Upload audio file to static storage#

If your audio files aren’t accessible via a URL already (like in an S3 bucket, or a static file server), you can upload your audio file using this API. All uploads have a 24hr deletion policy.

POST https://api.slashml.com/speech-to-text/v1/upload/

Request#

import requests

url = "https://api.slashml.com/speech-to-text/v1/upload/"

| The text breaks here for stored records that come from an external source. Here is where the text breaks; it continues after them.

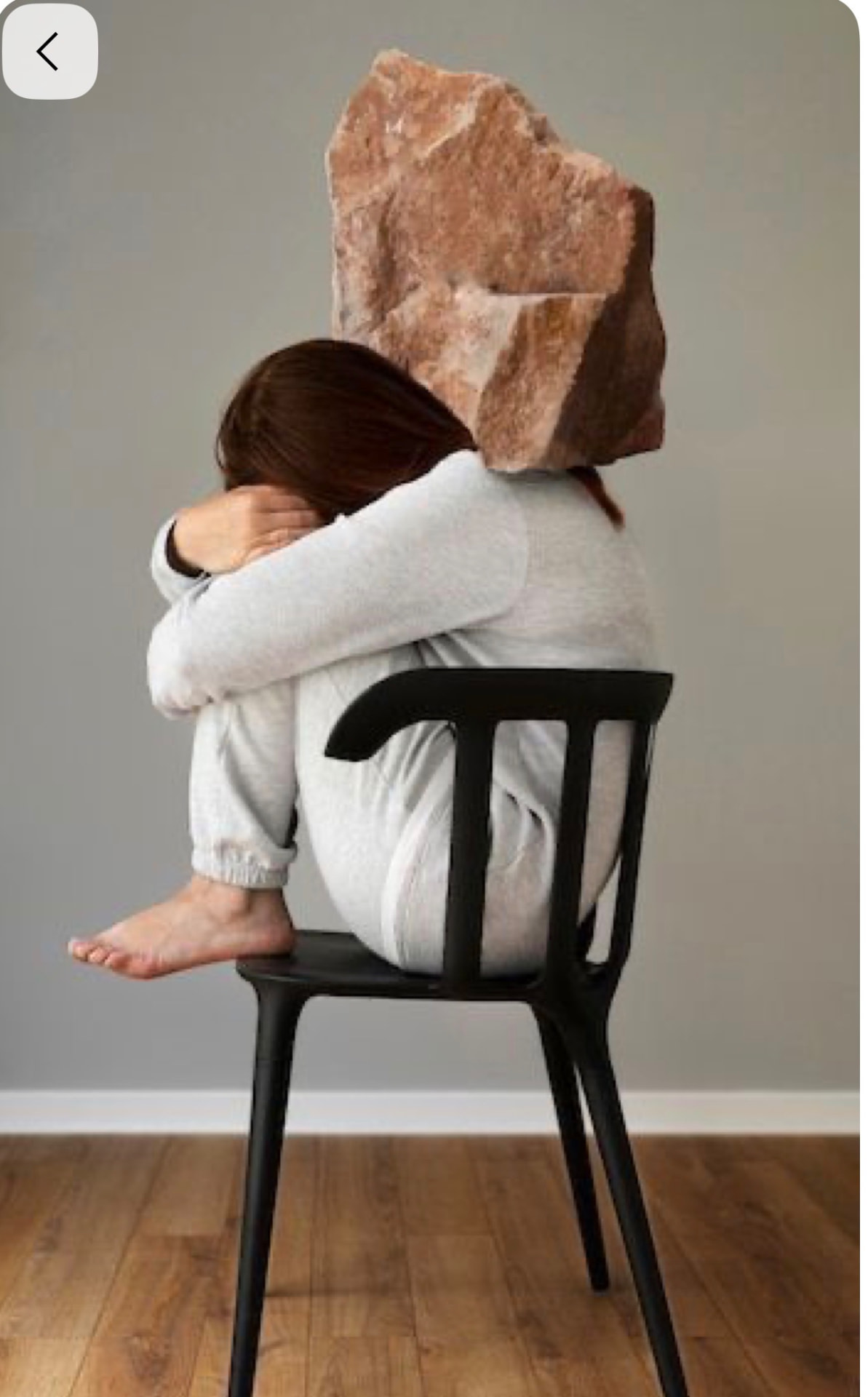 Femme assise sur une chaise, un grand rocher posé sur ses épaules — métaphore du poids émotionnel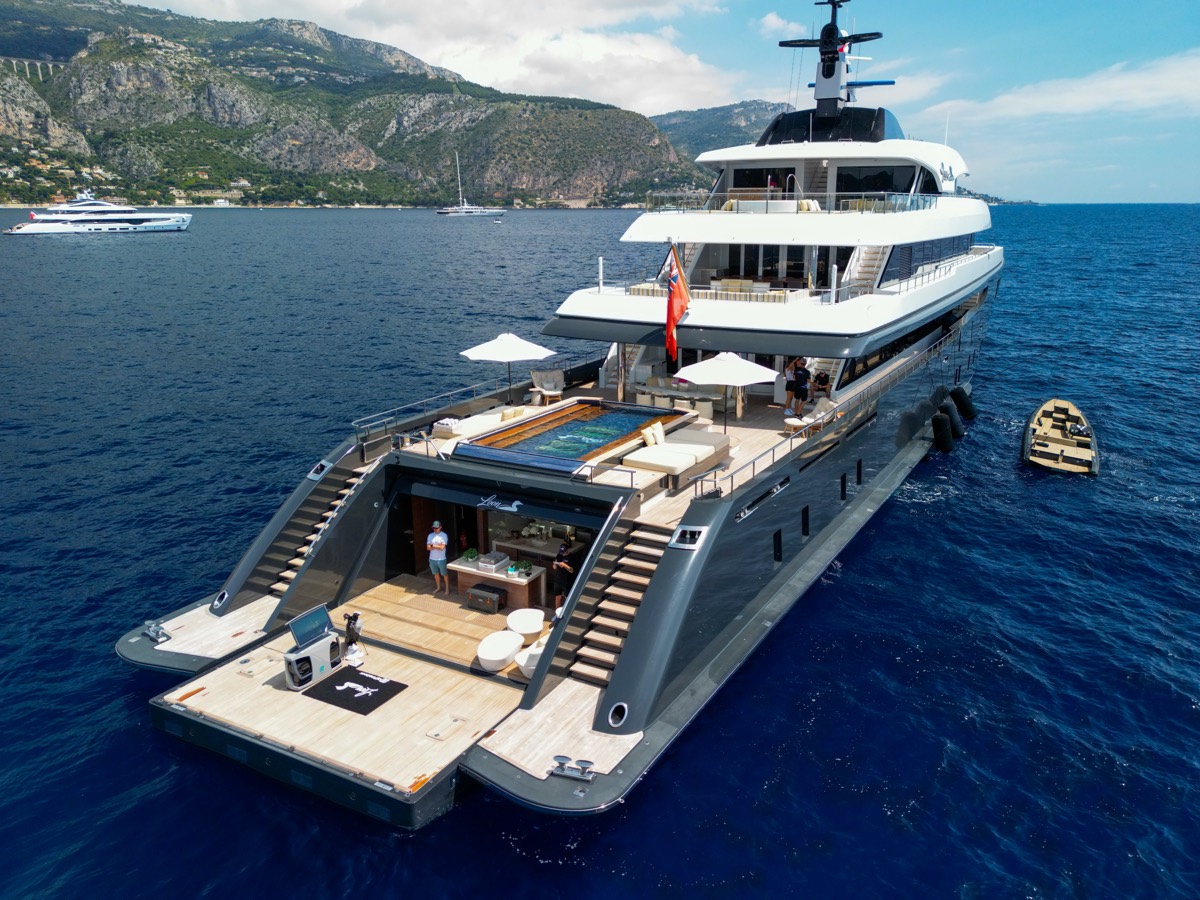 Aerial view of M/Y Loon at anchor on the Riviera with her beach club open and the golf simulator on the swim platform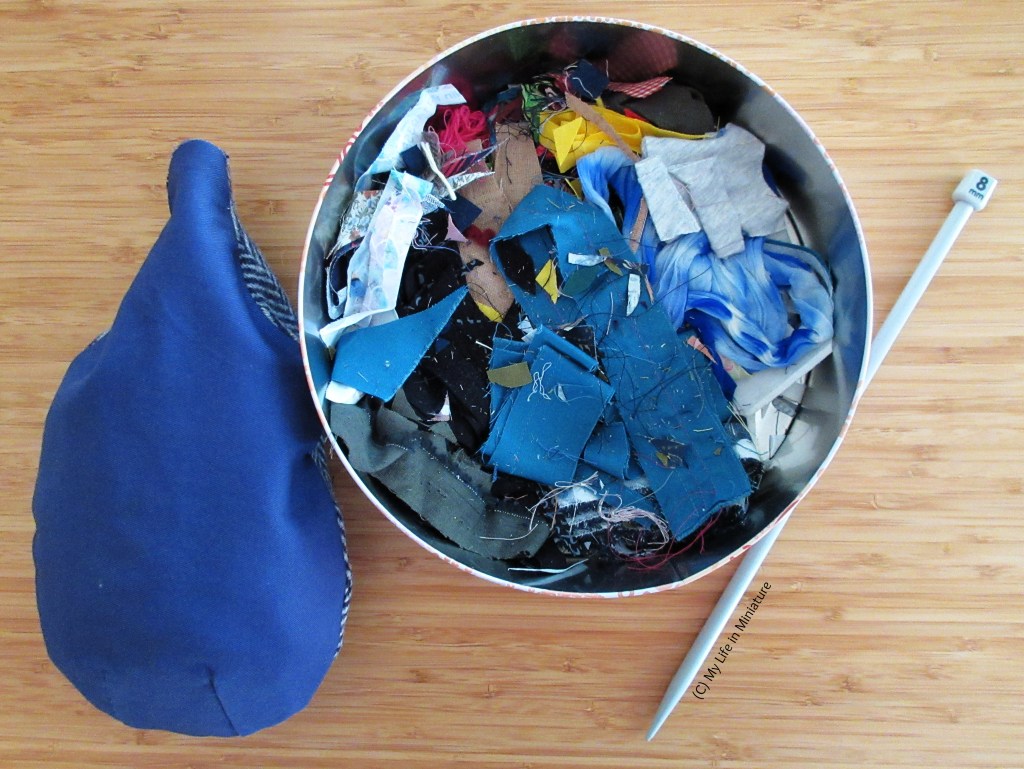 A partially-stuffed blue tailor's ham sits beside an open tin on a wood background. The tin contains various fabric and thread scraps. Beside the tin is a large knitting needle.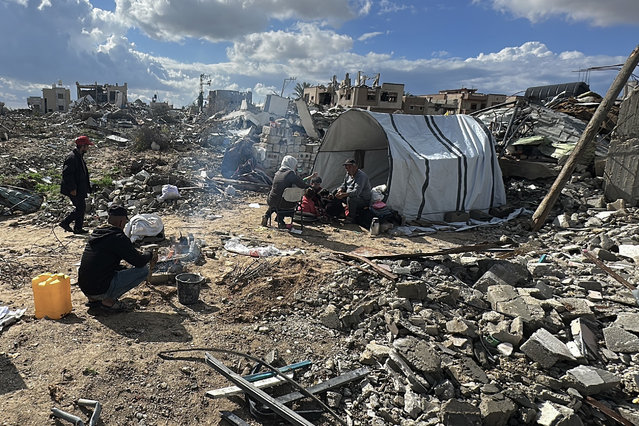 Palestinian Muslim Abu Dhaka, who returned to his home in the city of Khan Yunis with his family after the ceasefire reached between Hamas and Israel, continues his daily life among the rubbles of collapsed houses with his family in the makeshift tent he built on the rubble of his house in Khan Yunis, Gaza on February 05, 2025. (Photo by Doaa Albaz/Anadolu via Getty Images)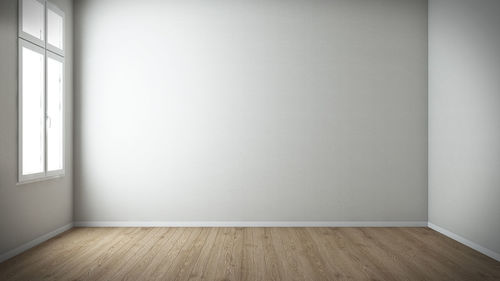 Empty wooden floor against wall at home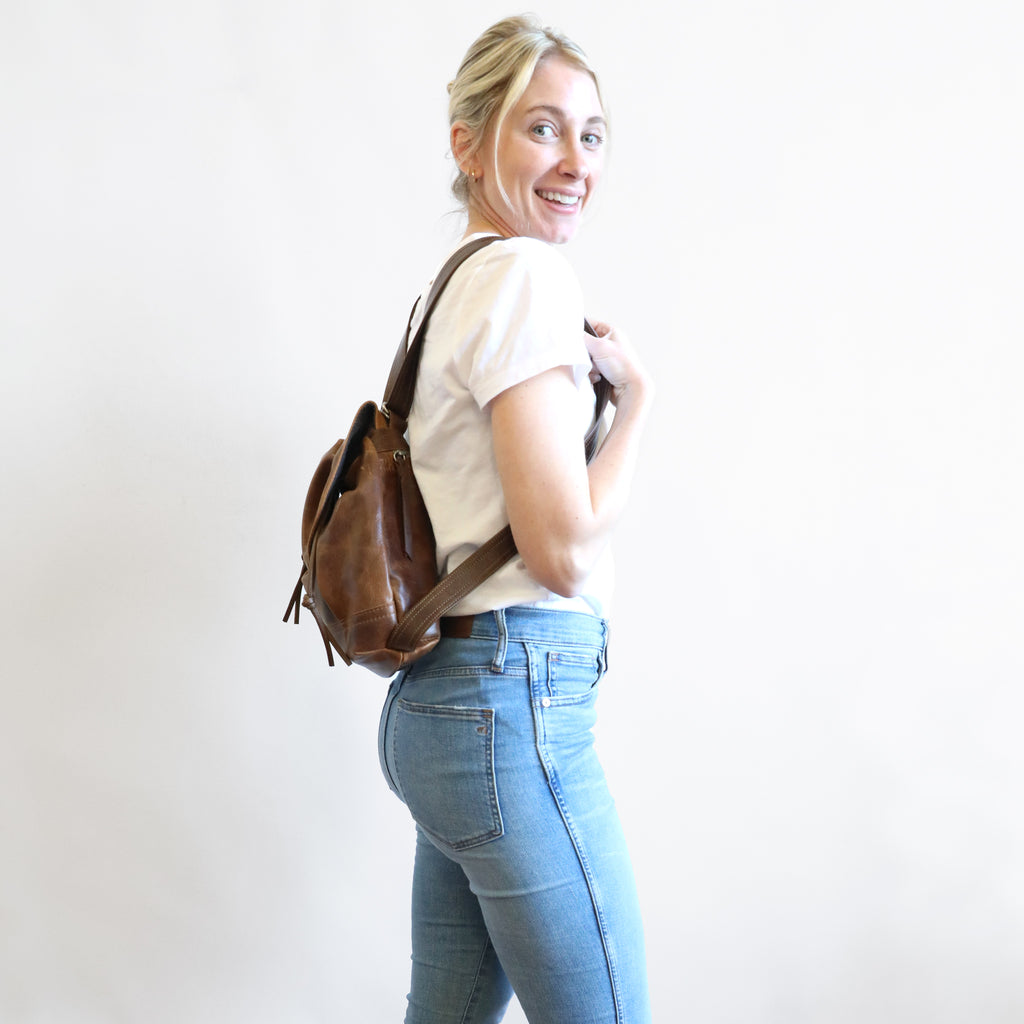 Side view of model wearing 1904 maxwell, size small, as a backpack. 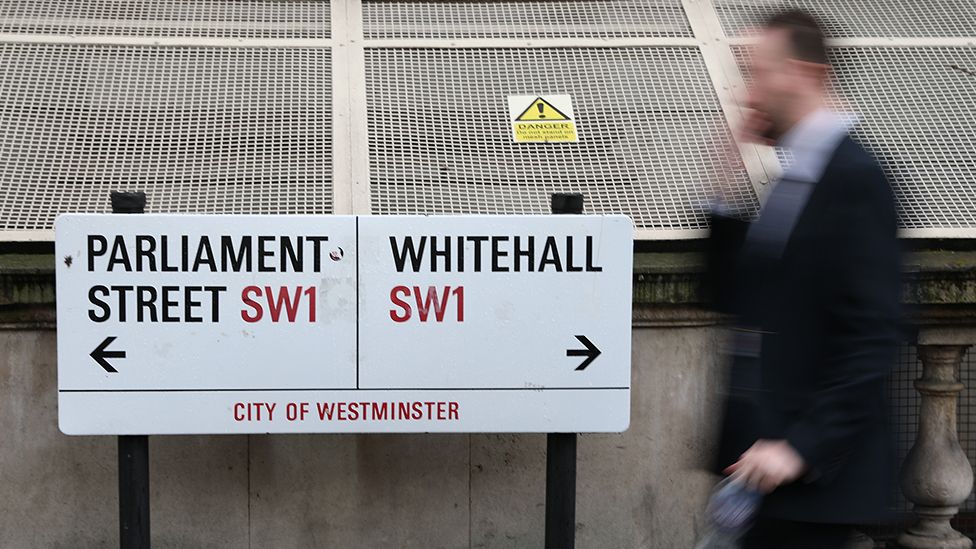 Civil servant walks past Whitehall sign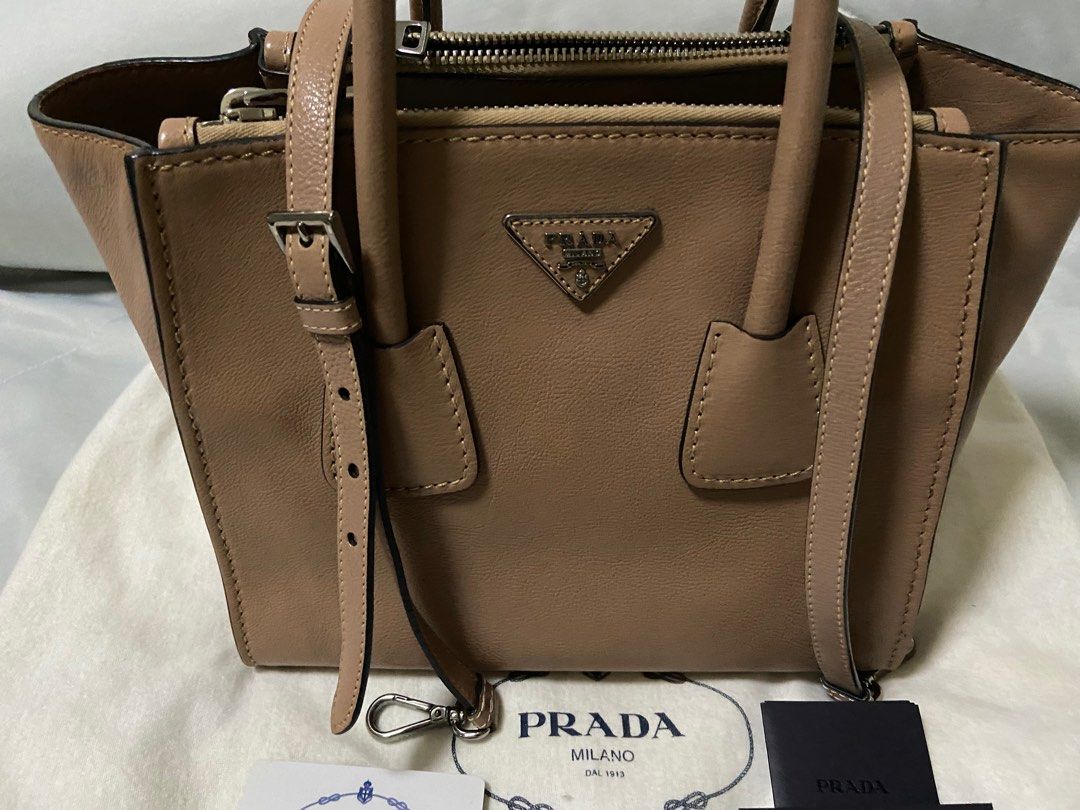 Prada bag (Category: Bags & Wallets) located in Singapore. Submitted by celini (Listing ID 1379073789, Image 2). Description: Bought from Spain 10’years ago. Condition as photo, no stain Authentic card & dust bag 21*27*19cm 100% authentic .
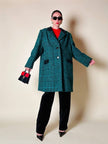 Cappotto sartoriale in lana bouclé verde e nero fantasia principe di Galles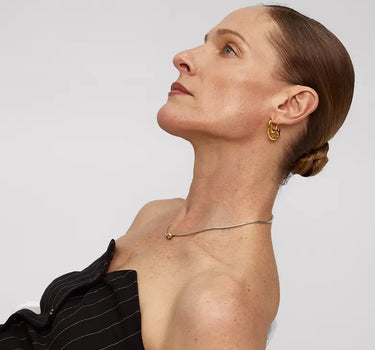Model showcasing Contour Hoops Earrings with a sleek design and gentle curve, set against a neutral background.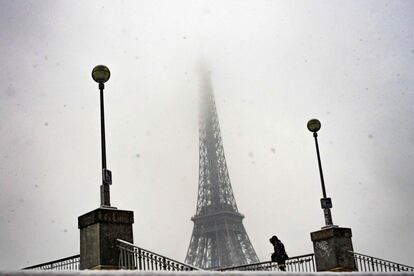 Una mujer atraviesa un puente sobre el río Sena con la Torre Eiffel al fondo.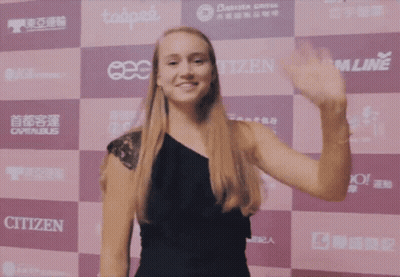 A Woman Waving In Front Of A Wall That Has Citizen On It GIF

headers = {'authorization': "Token <YOUR_API_KEY>"}
payload = { 'service_provider':'assembly' }
files=[
  ('audio',('test_audio.mp3',open('/path/to/your_audio.mp3','rb'),'audio/mpeg'))
]

response = requests.post(url, headers = headers, data = payload, files = files)

print(response.text)

Response (200)#

{
    "uploaded_url": "https://cdn.slashml.com/upload/ccbbbfaf-f319-4455-9556-272d48faaf7f"
}

Response (400)#

{
    "error" : {
        "message" : "something bad happened"
    }
}

Note: The uploaded_url will be used when submitting a transcription job.

Convert audio to text#

The body of the request should contain a field uploaded_audio_url, the value of which shall contain the link to the uploaded audio url, and service_provider which is the name of the service provider you want to use.

POST https://api.slashml.com/speech-to-text/v1/jobs/

Request#

import requests

url = 'https://api.slashml.com/speech-to-text/v1/jobs/'

payload = {
  "uploaded_audio_url": "https://cdn.slashml.com/upload/ccbbbfaf-f319-4455-9556-272d48faaf7f",
  "service_provider": 'assembly'
}
headers = {
    "Authorization": "Token <YOUR_API_KEY>",
}

response = requests.post(url, headers=headers, data=payload)
print(response.text)

Response (200)#

{
    # keep track of the id for later
    "id": "ozfv3zim7-9725-4b54-9b71-f527bc21e5ab",
    # note that the status is now "processing"
    "status": "IN_PROGESS",
    "audio_duration": null,
    "audio_url": "https://cdn.slashml.com/upload/ccbbbfaf-f319-4455-9556-272d48faaf7f",
    "text": null,
}

Response (400)#

{
    "error" : {
        "message" : "something bad happened"
    }
}

Note: The ‘id’ will be used to fetch the status of the job, in the status endpoint.

Check status of job#

The request API is similar to all job submissions. We can make requests to GET the status of the jobs, and eventually the result of the submitted job, i.e. transcription, or speechification.

GET https://api.slashml.com/speech-to-text/v1/jobs/YOUR-JOB-ID/

Request#

import requests

url = 'https://api.slashml.com/speech-to-text/v1/jobs/YOUR-JOB-ID/?service_provider=assembly'

headers = {
  'Authorization': 'Token <YOUR_API_KEY>'
}

response = requests.get(url, headers=headers, data=payload)
print(response.text)

Response (200) - In Progress#

{
    # keep track of the id for later
    "id": "ozfv3zim7-9725-4b54-9b71-f527bc21e5ab",
    # note that the status is now "processing"
    "status": "IN_PROGESS",
    "acoustic_model": "assemblyai_default",
    "language_model": "assemblyai_default",
    "audio_duration": null,
    "audio_url": "https://s3-us-west-2.amazonaws.com/blog.assemblyai.com/audio/8-7-2018-post/7510.mp3",
    "confidence": null,
    "dual_channel": null,
    "text": null,
    "words": null
}

Response (200) - Completed#

{
    "id": "5551722-f677-48a6-9287-39c0aafd9ac1",
    "status": "COMPLETED",
    "acoustic_model": "assemblyai_default",
    "language_model": "assemblyai_default",
    "audio_duration": 12.0960090702948,
    "audio_url": "https://s3-us-west-2.amazonaws.com/blog.assemblyai.com/audio/8-7-2018-post/7510.mp3",
    "confidence": 0.956,
    "dual_channel": null,
    "text": "You know Demons on TV like that and and for people to expose themselves to being rejected on TV or humiliated by fear factor or.",
    "words": [
        {
            "confidence": 1.0,
            "end": 440,
            "start": 0,
            "text": "You"
        },
        ...
        {
            "confidence": 0.96,
            "end": 10060,
            "start": 9600,
            "text": "factor"
        },
        {
            "confidence": 0.97,
            "end": 10260,
            "start": 10080,
            "text": "or."
        }
    ]
}

Response (400) - Error#

{
    "error" : {
        "message" : "something bad happened"
    }
}

Note: The status will go from ‘QUEUED’ to ‘IN_PROGRESS’ to ‘COMPLETED’. If there’s an error processing your input, the status will go to ‘ERROR’ and there will be an ‘ERROR’ key in the response JSON which will contain more information.